◆ **Task instructions**: Write out exactly the lines below from the one containing "You're going to have" to the last, both ends kept, and nothing more; skip all pictures.

◆ **Stored data entries**:

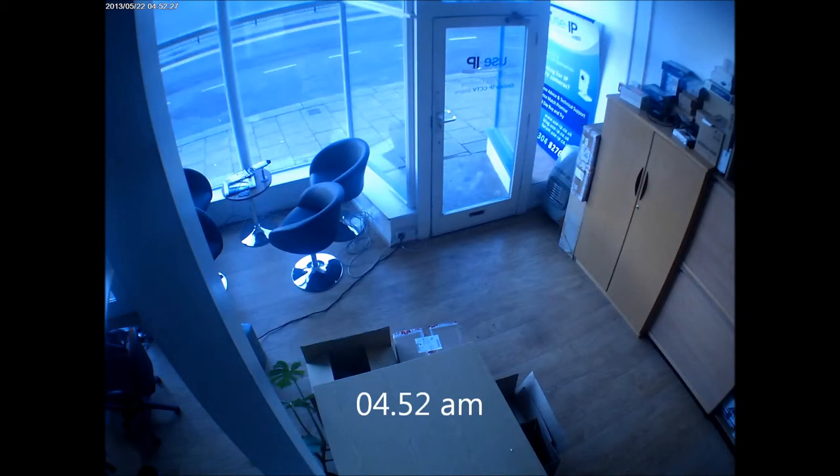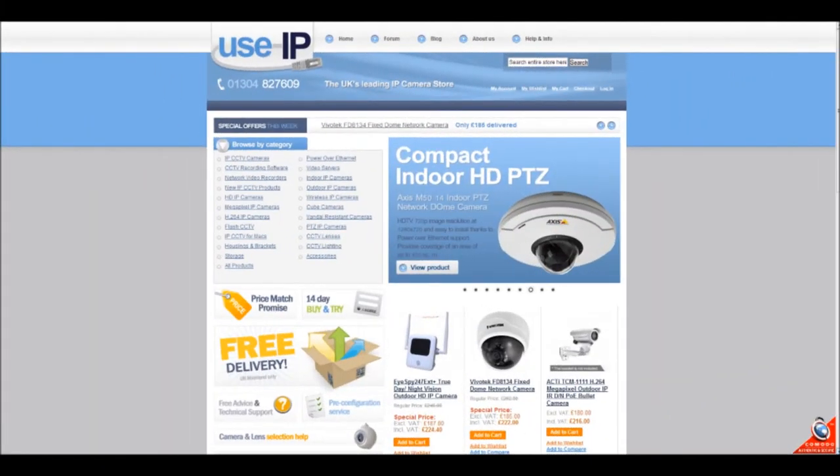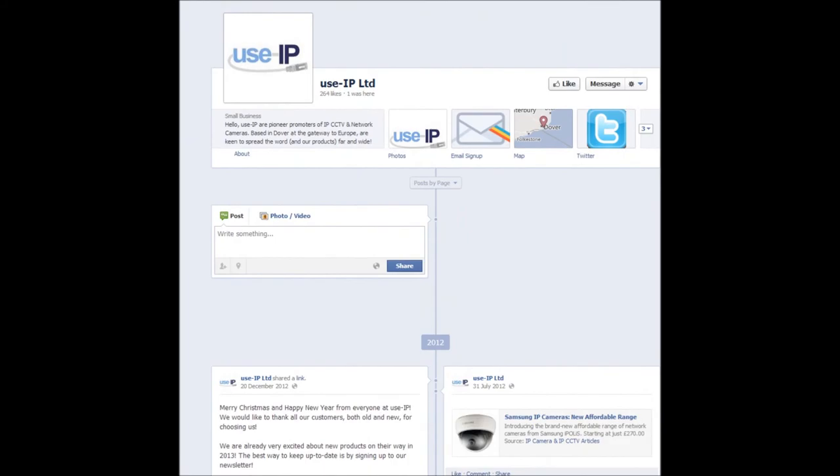And there you have it, just some sample footage of the Acti E92. Once again, thank you for watching, and to check this product out please go to www.usip.co.uk. Don't forget to visit the blog and forum and continue to watch our videos here on YouTube.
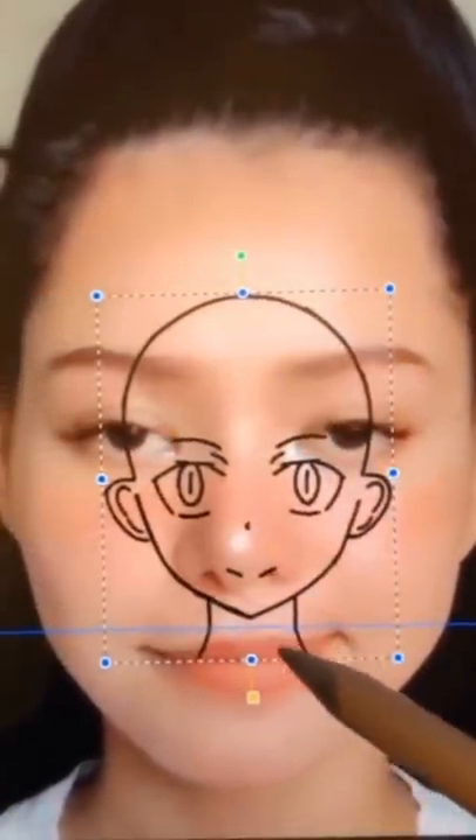Hey guys, it's Julia. I'm doing Bella Poarch as an anime, kind of — I just use the anime mask and do her proportions to fit in it. I tried to make it a little bit more beautiful, but it's obviously not like a real anime drawing.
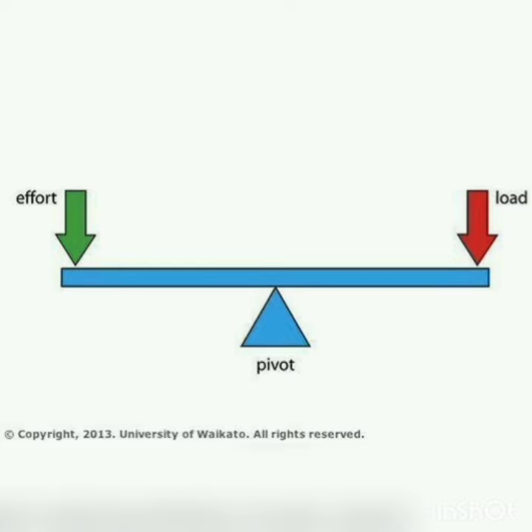With the help of a lever, we can lift a heavy load by applying a little force. Levers are used in our everyday life and are all around us. The most common form of a lever is a log or machine that is put under an object to lift it. Other examples of levers are scissors, hammers, bottle openers, etc.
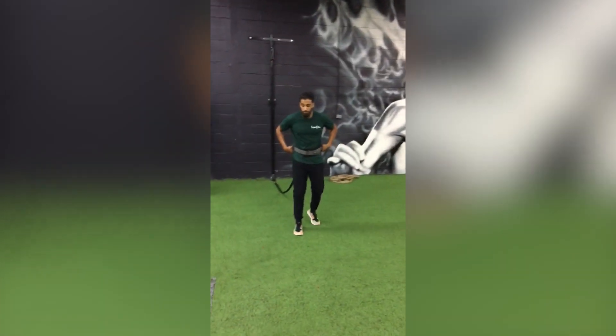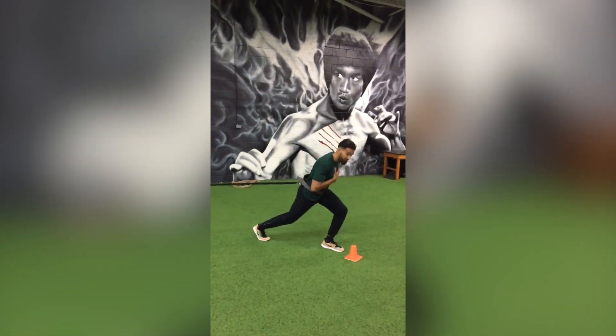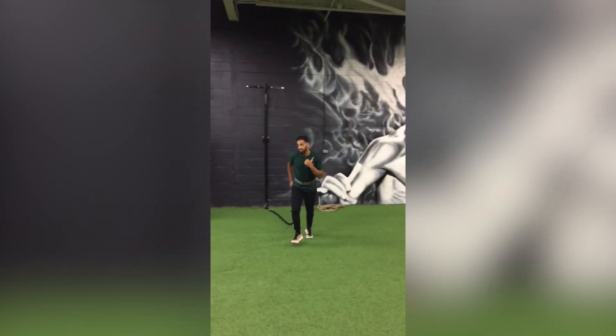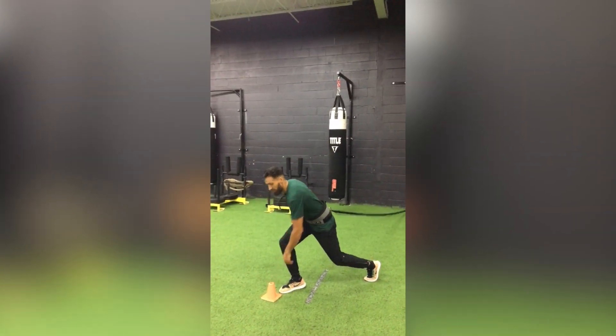You're going to have two cones set up. You're going to explode to one — if you're going to the left, left foot balances, keep the chest up, touch it with the right hand, come back, go to the right side, right foot balances, keep the chest up, touch it with the left hand.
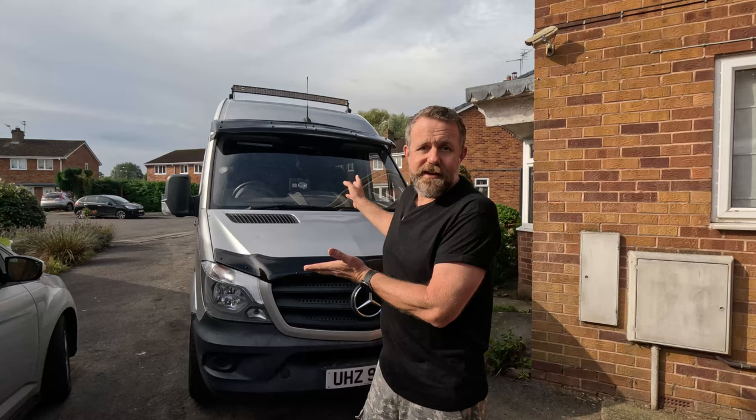If there ever is an incident, we know we're covered — we're going to have footage of what happened. It's good for insurance companies, it's good for the police, it makes things go a lot smoother. So without further ado, let's jump in the van and take a look.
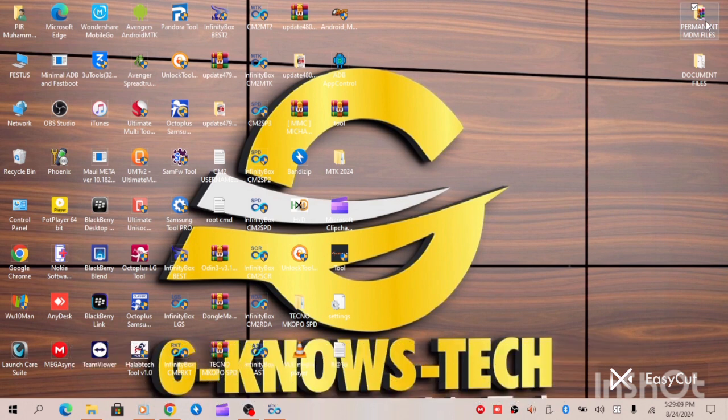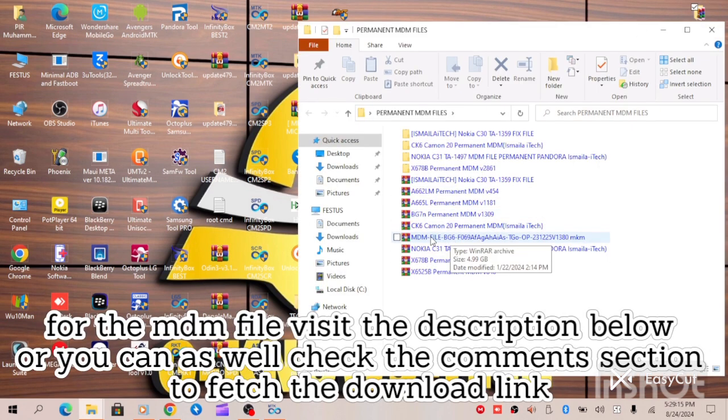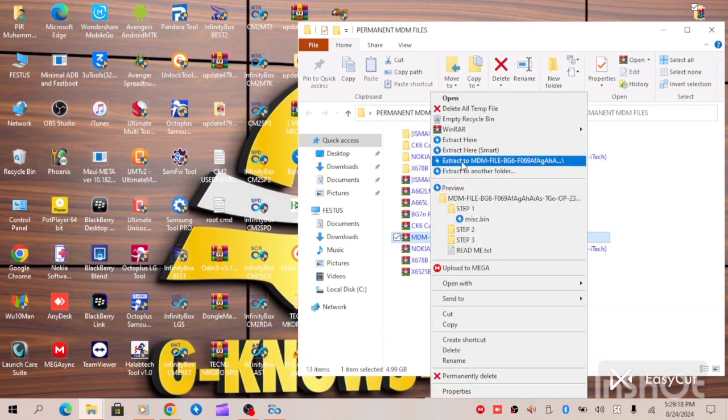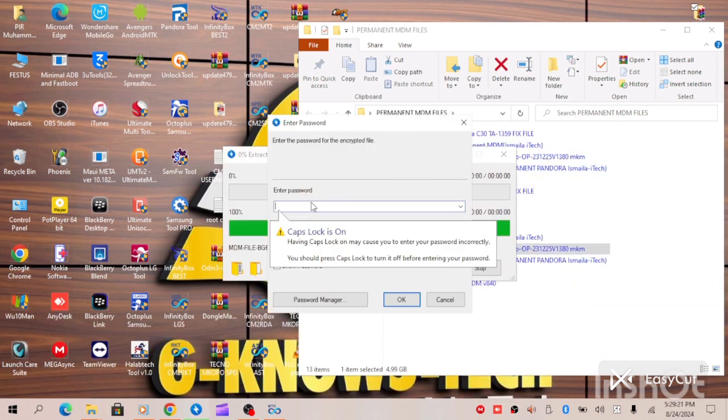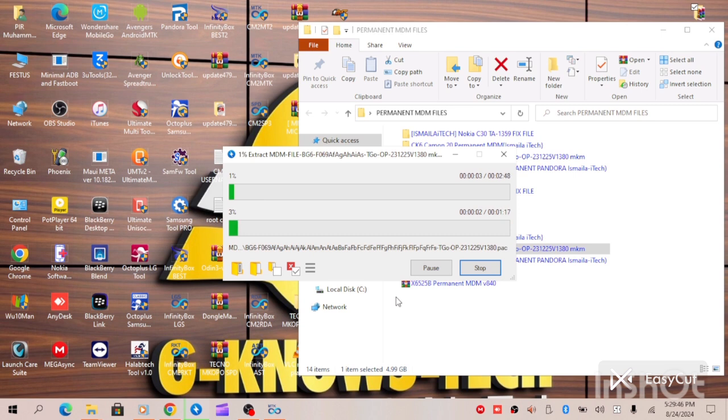So let's go. After downloading the file, the file will always be in ZIP format, as you can see. So let's extract the file and begin the process. You have to be patient for the file to be properly extracted.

◆ **Response below**:
You're going to have two cones set up. You're going to explode to one — if you're going to the left, left foot balances, keep the chest up, touch it with the right hand, come back, go to the right side, right foot balances, keep the chest up, touch it with the left hand.
If there ever is an incident, we know we're covered — we're going to have footage of what happened. It's good for insurance companies, it's good for the police, it makes things go a lot smoother. So without further ado, let's jump in the van and take a look.
So let's go. After downloading the file, the file will always be in ZIP format, as you can see. So let's extract the file and begin the process. You have to be patient for the file to be properly extracted.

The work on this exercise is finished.